Available records START

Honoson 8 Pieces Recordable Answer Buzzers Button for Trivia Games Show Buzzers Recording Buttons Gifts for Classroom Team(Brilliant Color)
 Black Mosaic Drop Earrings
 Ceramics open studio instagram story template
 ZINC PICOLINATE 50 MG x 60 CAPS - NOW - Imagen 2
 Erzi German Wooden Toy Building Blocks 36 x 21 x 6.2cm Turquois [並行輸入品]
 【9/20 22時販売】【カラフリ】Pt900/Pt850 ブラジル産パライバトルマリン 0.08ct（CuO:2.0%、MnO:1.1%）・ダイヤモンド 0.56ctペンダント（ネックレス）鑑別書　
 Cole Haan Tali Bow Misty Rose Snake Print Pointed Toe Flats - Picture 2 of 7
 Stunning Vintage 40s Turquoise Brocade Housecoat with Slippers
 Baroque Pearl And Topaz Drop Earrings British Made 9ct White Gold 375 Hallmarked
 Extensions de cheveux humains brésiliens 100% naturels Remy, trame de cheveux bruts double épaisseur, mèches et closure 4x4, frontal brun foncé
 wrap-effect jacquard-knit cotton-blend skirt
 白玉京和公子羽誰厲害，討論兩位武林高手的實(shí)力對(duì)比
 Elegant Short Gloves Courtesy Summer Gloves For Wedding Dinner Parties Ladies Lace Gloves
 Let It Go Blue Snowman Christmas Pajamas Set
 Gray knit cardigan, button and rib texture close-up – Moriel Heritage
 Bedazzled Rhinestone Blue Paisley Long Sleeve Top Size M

Available records END

How to complete this task: Could you copy each line in the listing above that includes the word "Drop"?

Completed task:
 Black Mosaic Drop Earrings
 Baroque Pearl And Topaz Drop Earrings British Made 9ct White Gold 375 Hallmarked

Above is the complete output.